One of the earliest Chinese law came from a country called Qi during the Spring and Autumn Period. It was not a law code but an ideology at first. This ideology was hugely affected by it birth place as Qi was a coastal country which was enriched by fishing and making salt. Therefore, in order to restrain people’s lust, Xun Zi started to spread the idea of punishments and law in his home country. Contrasting Confucianism, Legalism’s elites believed the humans were evil when they were born; however, ironically, the earliest Legalists were all students in Confucius Schools. Because of people’s evilness from birth, the Legalists believed that a king should use heavy laws to punish those who do sinful activities.
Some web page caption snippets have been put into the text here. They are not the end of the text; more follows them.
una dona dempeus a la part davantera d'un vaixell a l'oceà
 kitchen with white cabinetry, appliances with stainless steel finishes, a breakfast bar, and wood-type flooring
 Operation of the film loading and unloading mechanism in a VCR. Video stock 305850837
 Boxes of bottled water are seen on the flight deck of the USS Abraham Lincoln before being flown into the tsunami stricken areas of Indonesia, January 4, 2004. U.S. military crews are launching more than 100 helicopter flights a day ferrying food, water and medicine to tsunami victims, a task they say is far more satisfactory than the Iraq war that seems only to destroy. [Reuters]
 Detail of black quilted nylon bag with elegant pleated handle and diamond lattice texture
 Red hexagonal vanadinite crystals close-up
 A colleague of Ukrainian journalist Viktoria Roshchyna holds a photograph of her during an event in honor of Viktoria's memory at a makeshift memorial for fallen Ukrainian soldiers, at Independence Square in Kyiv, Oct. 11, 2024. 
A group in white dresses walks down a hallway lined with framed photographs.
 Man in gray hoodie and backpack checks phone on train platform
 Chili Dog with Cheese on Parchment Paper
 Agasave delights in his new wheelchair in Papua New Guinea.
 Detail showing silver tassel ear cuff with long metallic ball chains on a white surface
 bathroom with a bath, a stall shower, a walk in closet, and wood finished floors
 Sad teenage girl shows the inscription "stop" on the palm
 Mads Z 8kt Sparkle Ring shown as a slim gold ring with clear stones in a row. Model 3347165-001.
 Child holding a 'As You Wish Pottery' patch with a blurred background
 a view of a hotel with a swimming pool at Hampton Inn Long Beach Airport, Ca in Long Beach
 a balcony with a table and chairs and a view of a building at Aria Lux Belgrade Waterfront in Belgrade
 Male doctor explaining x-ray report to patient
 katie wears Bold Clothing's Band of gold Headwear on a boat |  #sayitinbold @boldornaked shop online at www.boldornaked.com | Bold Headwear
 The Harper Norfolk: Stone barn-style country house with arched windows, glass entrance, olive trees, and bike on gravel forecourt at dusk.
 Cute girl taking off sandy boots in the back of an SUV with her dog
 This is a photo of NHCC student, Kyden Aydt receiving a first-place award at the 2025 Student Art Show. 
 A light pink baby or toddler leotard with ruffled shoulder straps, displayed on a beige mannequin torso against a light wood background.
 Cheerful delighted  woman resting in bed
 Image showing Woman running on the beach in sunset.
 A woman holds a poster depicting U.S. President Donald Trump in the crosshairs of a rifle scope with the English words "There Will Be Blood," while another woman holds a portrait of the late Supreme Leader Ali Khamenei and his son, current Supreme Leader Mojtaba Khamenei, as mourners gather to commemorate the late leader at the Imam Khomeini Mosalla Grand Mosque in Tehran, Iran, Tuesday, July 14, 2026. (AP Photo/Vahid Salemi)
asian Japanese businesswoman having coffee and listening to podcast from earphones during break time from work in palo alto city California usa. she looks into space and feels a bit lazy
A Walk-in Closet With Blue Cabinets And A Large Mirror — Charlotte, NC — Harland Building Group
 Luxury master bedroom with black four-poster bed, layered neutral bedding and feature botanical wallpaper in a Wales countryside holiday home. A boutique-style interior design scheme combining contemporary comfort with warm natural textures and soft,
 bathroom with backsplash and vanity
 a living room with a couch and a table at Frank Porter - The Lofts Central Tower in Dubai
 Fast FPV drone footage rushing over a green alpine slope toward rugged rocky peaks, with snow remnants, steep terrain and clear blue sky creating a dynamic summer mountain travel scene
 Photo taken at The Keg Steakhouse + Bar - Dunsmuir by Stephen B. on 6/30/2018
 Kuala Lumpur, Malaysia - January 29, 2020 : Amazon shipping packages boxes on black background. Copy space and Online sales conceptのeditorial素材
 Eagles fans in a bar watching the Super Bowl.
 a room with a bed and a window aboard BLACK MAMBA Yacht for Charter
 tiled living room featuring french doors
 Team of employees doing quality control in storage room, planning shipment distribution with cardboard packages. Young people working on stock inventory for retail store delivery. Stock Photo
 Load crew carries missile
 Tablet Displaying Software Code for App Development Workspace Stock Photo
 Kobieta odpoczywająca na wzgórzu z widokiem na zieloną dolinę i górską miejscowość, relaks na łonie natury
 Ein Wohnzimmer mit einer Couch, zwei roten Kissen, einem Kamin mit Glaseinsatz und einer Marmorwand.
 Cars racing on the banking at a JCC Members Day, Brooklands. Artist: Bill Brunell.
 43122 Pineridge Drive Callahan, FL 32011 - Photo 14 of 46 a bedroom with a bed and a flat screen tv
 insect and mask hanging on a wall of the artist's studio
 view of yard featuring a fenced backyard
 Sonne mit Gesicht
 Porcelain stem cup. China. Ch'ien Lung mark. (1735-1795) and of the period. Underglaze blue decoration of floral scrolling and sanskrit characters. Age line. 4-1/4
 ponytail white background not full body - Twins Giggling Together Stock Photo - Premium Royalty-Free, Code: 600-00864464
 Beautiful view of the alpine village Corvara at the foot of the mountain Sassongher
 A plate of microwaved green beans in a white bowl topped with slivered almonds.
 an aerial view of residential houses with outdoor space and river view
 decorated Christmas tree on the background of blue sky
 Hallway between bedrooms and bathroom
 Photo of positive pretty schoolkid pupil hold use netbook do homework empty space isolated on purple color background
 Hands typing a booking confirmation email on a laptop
Also, Legalism focused more on economical development and state-own business, which prospered the whole nation’s growth.
Key Legal Issues
- Legalism highlighted people’s dark sides and believed that people live to fulfil their desires, and this ideology totally neglected the optimistic ideas in humans.
- When Legalism was firstly used in a central government, it was used to exploit common people and give more power to the emperor, which was really cruel.
- The ideology was too extreme, and in later dynasties emperors combined Legalism with Confucianism to solidify their reigns.
Burning of Books and burying of scholars
It refers to the events in burning Confucian texts in 213 BCE and burial of 460 Confucian scholars in 210 BCE. These two events both revealed the tyranny of Qin dynasty and the extreme usage of Legalism — it became totalitarianism. The prime minister of the first emperor was Li Si, a student of Xun Zi, and Li Si himself taught the first emperor; however, Li Si’s use of Legalism was so radical that it was also a big factor in ending the Qin dynasty.